### Work item
Images excluded, reproduce each line of the records exactly as it stands.

[Captioned web image data]
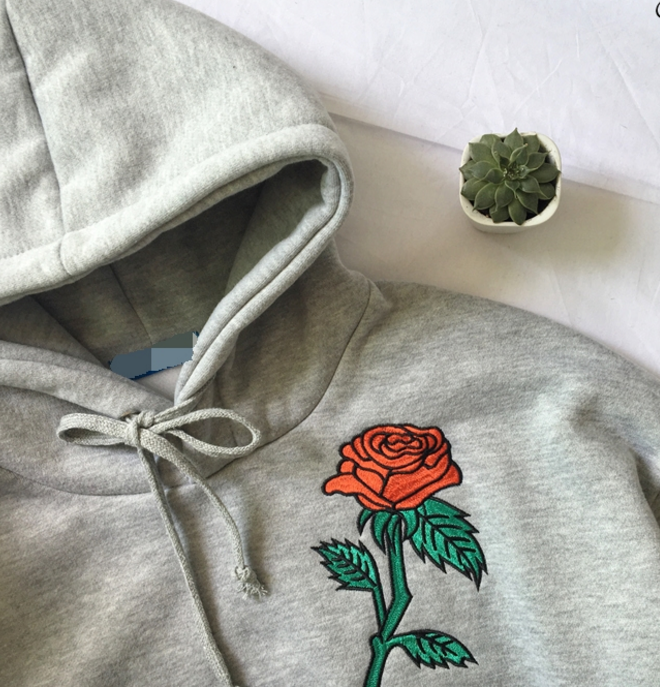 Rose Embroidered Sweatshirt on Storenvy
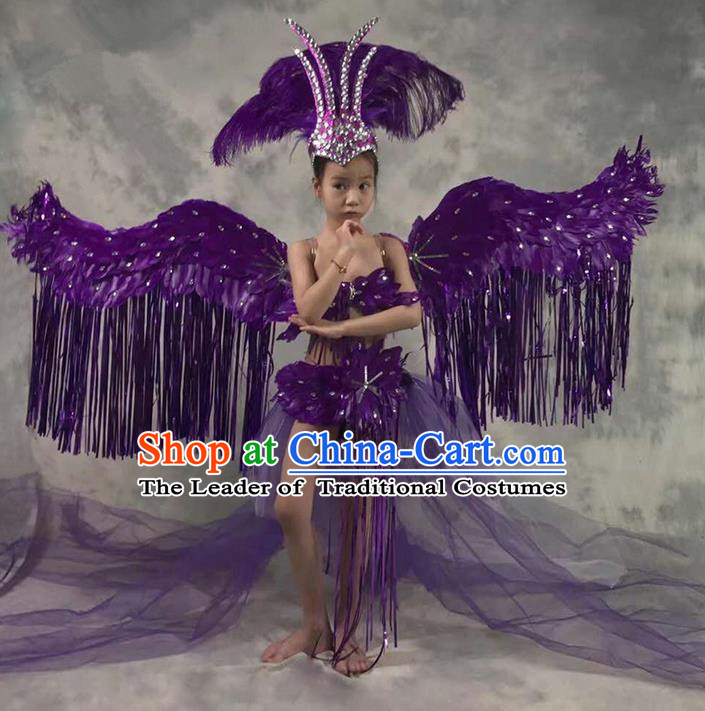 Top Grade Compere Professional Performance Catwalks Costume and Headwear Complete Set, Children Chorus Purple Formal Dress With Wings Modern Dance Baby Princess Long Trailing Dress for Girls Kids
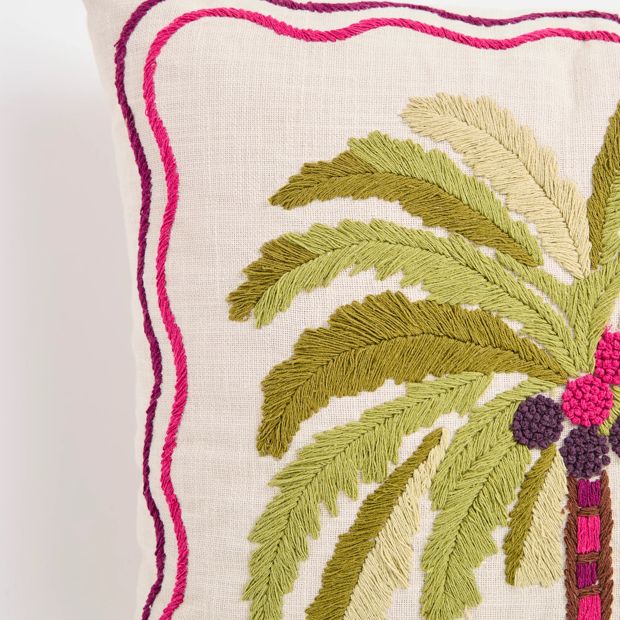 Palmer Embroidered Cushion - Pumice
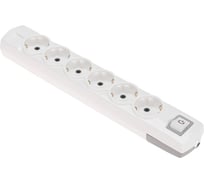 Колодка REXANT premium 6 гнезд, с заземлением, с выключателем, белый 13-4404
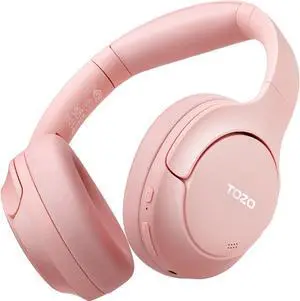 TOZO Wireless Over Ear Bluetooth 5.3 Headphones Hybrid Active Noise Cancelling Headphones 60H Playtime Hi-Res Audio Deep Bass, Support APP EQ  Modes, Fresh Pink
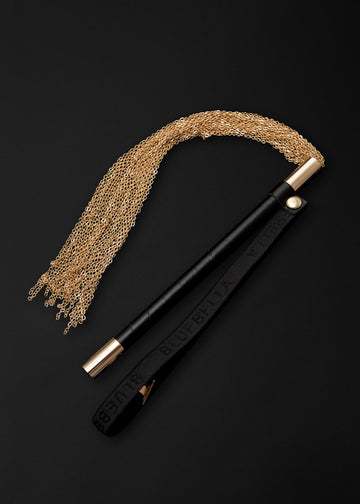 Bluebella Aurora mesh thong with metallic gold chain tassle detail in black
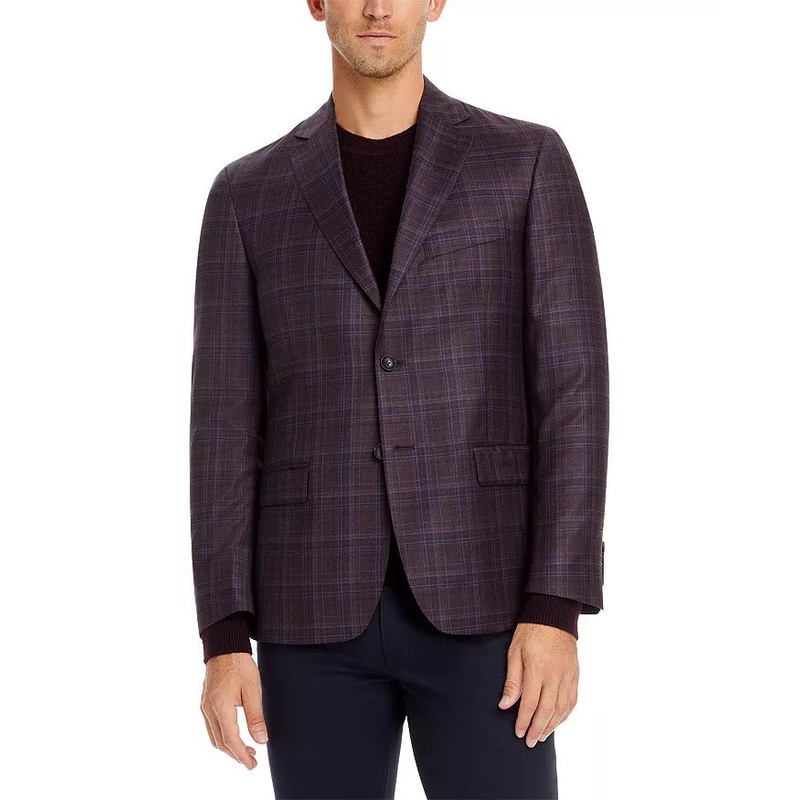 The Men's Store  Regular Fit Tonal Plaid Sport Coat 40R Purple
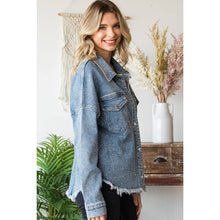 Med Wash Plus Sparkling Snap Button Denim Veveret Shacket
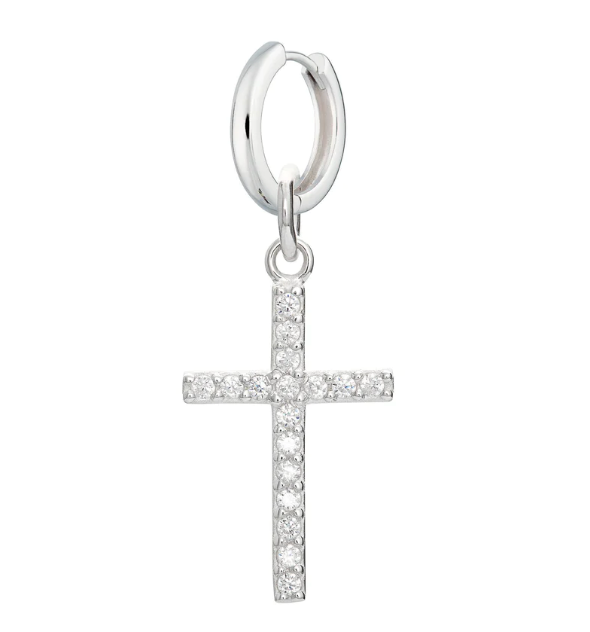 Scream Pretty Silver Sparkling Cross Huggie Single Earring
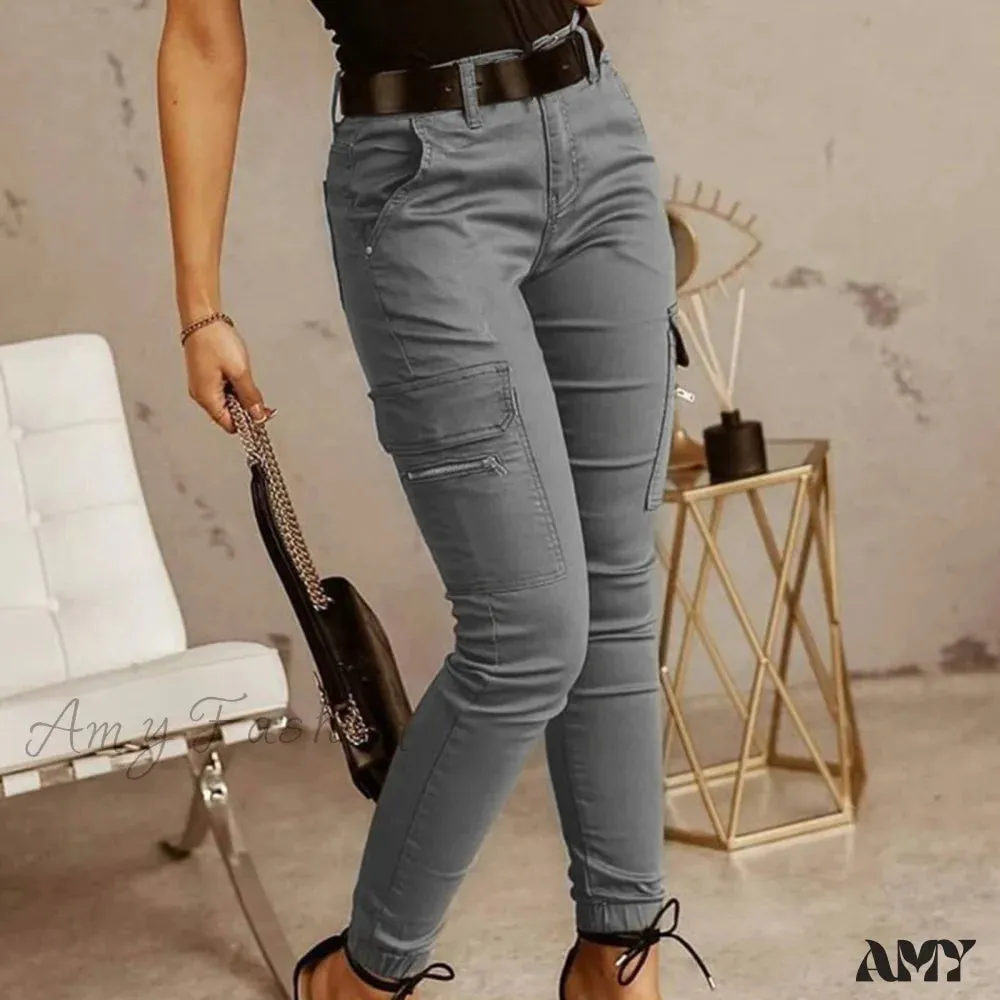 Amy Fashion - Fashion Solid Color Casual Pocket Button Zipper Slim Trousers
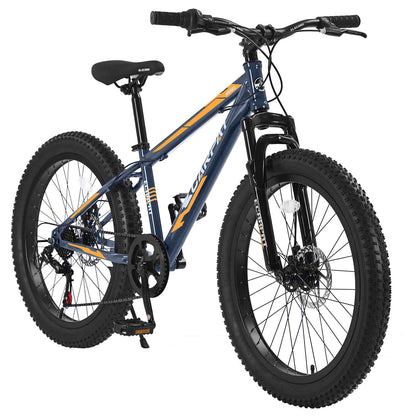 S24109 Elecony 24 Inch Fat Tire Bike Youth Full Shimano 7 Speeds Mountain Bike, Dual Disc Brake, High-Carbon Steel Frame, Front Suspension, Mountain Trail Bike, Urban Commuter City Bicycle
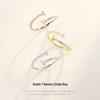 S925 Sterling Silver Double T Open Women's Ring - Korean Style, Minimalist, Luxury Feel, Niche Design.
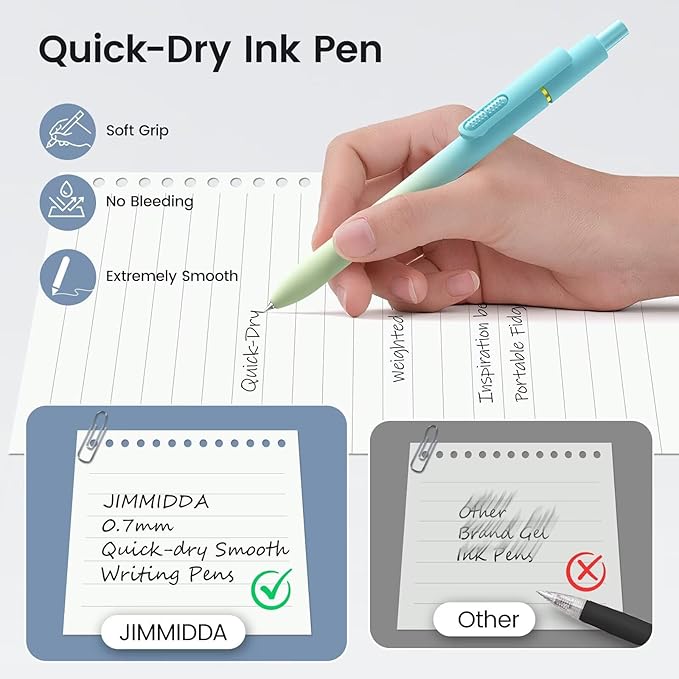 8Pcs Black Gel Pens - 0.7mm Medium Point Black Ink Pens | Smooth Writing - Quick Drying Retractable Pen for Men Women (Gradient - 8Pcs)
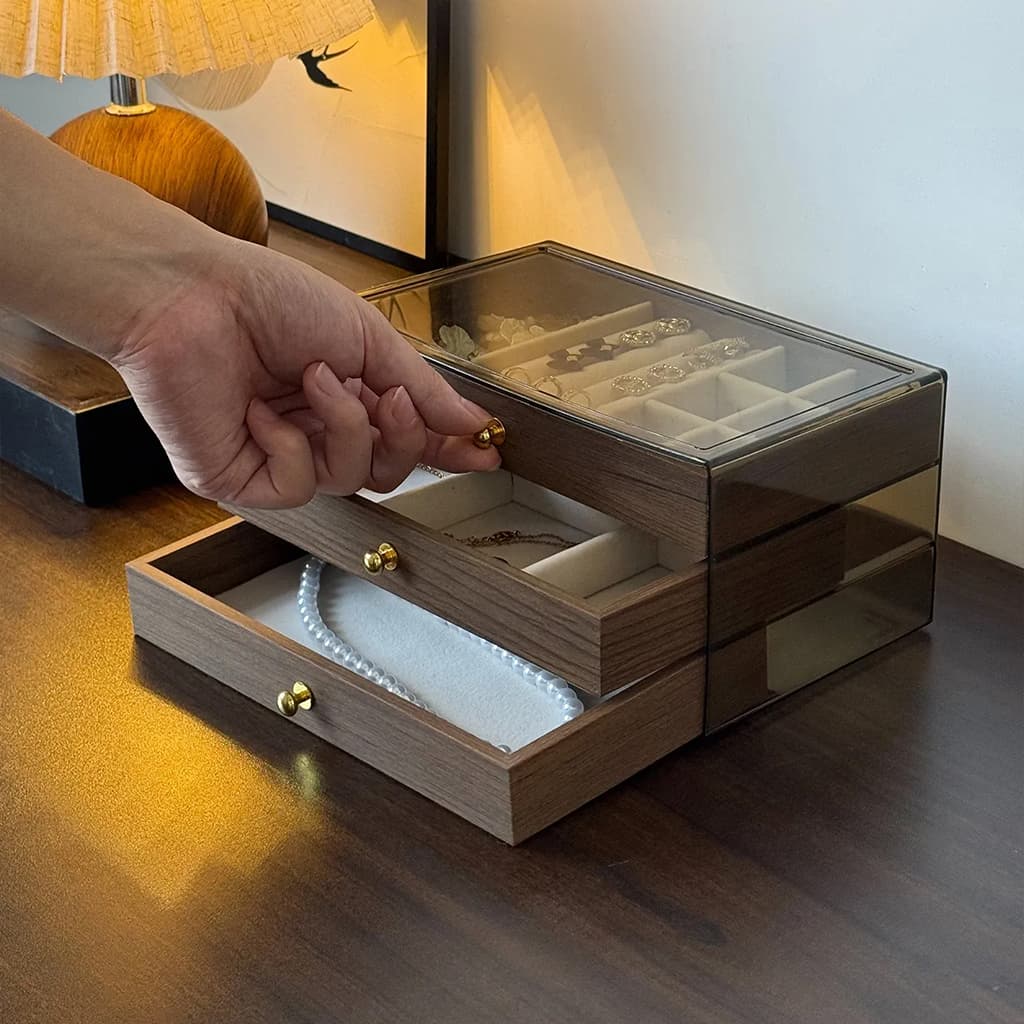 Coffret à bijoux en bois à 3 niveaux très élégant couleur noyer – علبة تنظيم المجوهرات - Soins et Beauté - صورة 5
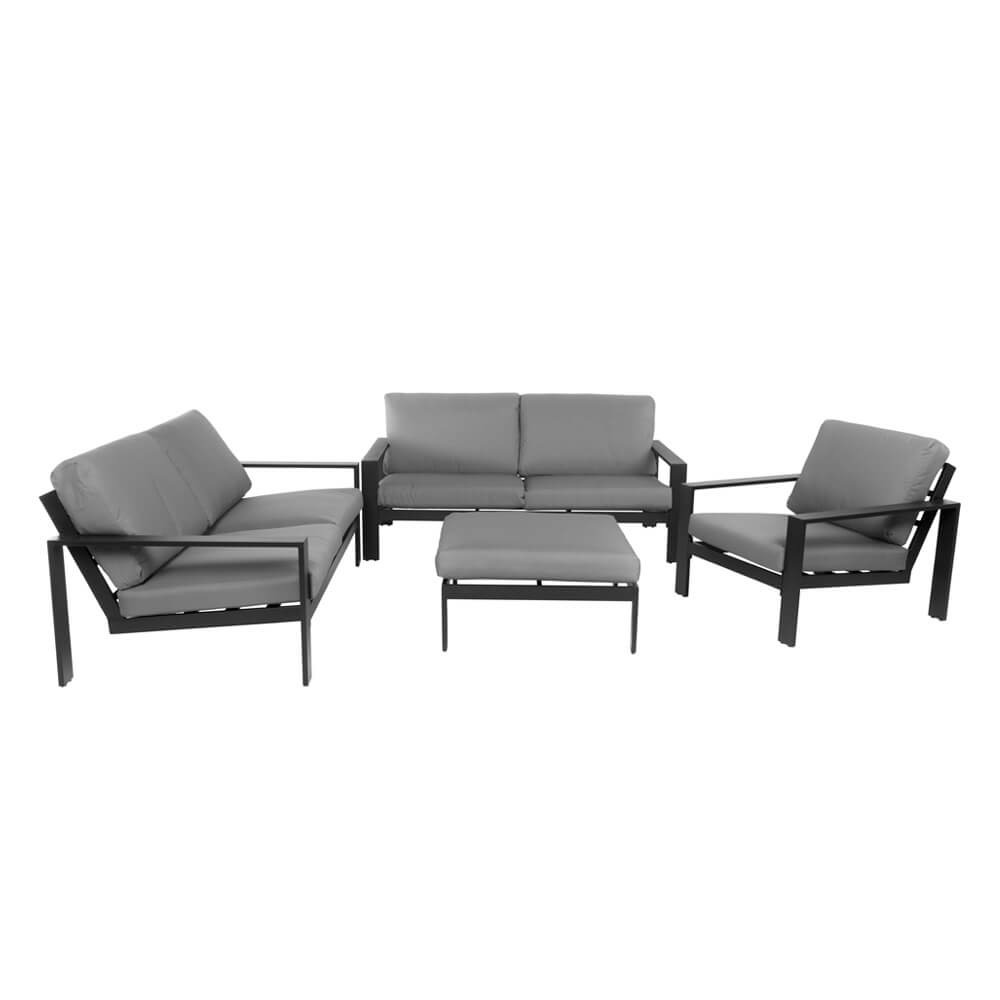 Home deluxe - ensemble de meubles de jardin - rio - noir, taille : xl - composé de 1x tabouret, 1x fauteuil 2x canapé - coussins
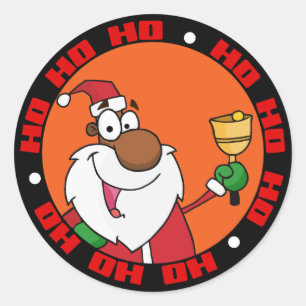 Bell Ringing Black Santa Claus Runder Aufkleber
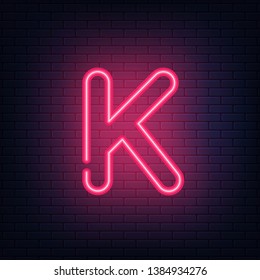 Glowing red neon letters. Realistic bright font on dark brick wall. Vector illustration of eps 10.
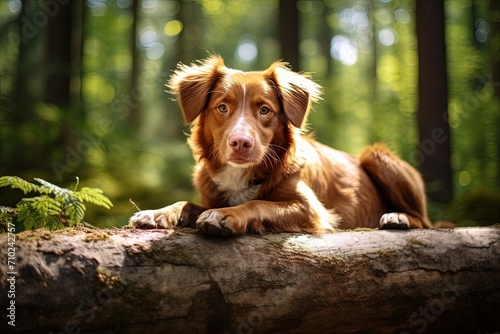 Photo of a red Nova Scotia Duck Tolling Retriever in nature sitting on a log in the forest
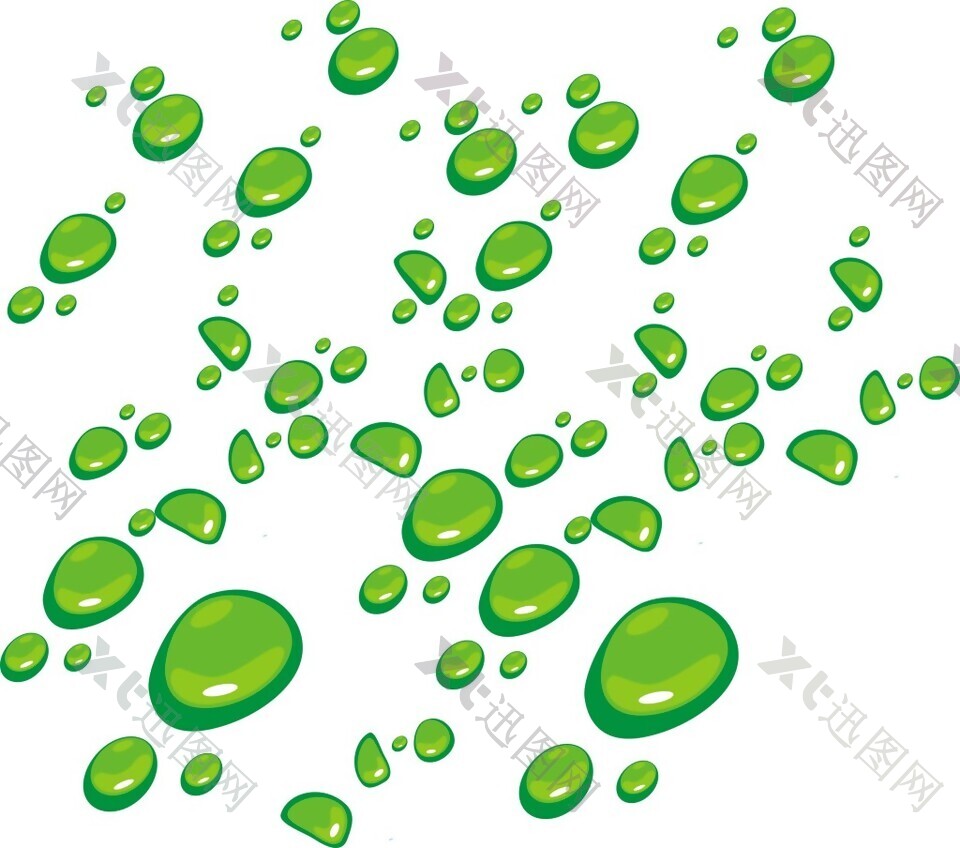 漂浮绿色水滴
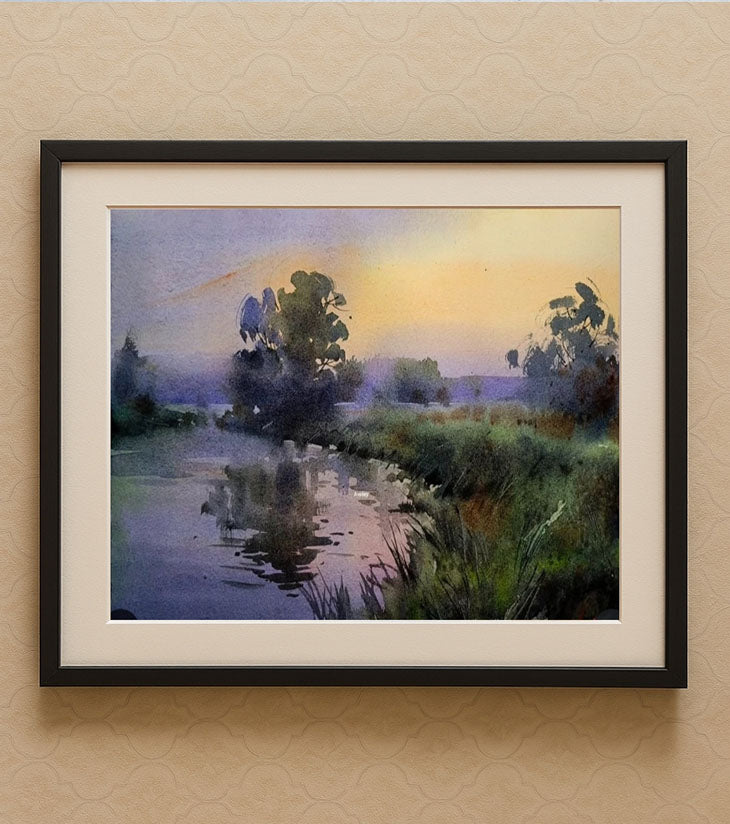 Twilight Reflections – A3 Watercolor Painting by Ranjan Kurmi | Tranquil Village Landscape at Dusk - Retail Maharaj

### Finished task
 Rose Embroidered Sweatshirt on Storenvy
 Top Grade Compere Professional Performance Catwalks Costume and Headwear Complete Set, Children Chorus Purple Formal Dress With Wings Modern Dance Baby Princess Long Trailing Dress for Girls Kids
 Palmer Embroidered Cushion - Pumice
 Колодка REXANT premium 6 гнезд, с заземлением, с выключателем, белый 13-4404
 TOZO Wireless Over Ear Bluetooth 5.3 Headphones Hybrid Active Noise Cancelling Headphones 60H Playtime Hi-Res Audio Deep Bass, Support APP EQ  Modes, Fresh Pink
 Bluebella Aurora mesh thong with metallic gold chain tassle detail in black
 The Men's Store  Regular Fit Tonal Plaid Sport Coat 40R Purple
 Med Wash Plus Sparkling Snap Button Denim Veveret Shacket
 Scream Pretty Silver Sparkling Cross Huggie Single Earring
 Amy Fashion - Fashion Solid Color Casual Pocket Button Zipper Slim Trousers
 S24109 Elecony 24 Inch Fat Tire Bike Youth Full Shimano 7 Speeds Mountain Bike, Dual Disc Brake, High-Carbon Steel Frame, Front Suspension, Mountain Trail Bike, Urban Commuter City Bicycle
 S925 Sterling Silver Double T Open Women's Ring - Korean Style, Minimalist, Luxury Feel, Niche Design.
 8Pcs Black Gel Pens - 0.7mm Medium Point Black Ink Pens | Smooth Writing - Quick Drying Retractable Pen for Men Women (Gradient - 8Pcs)
 Coffret à bijoux en bois à 3 niveaux très élégant couleur noyer – علبة تنظيم المجوهرات - Soins et Beauté - صورة 5
 Home deluxe - ensemble de meubles de jardin - rio - noir, taille : xl - composé de 1x tabouret, 1x fauteuil 2x canapé - coussins
 Bell Ringing Black Santa Claus Runder Aufkleber
 Glowing red neon letters. Realistic bright font on dark brick wall. Vector illustration of eps 10.
 Photo of a red Nova Scotia Duck Tolling Retriever in nature sitting on a log in the forest
 漂浮绿色水滴
 Twilight Reflections – A3 Watercolor Painting by Ranjan Kurmi | Tranquil Village Landscape at Dusk - Retail Maharaj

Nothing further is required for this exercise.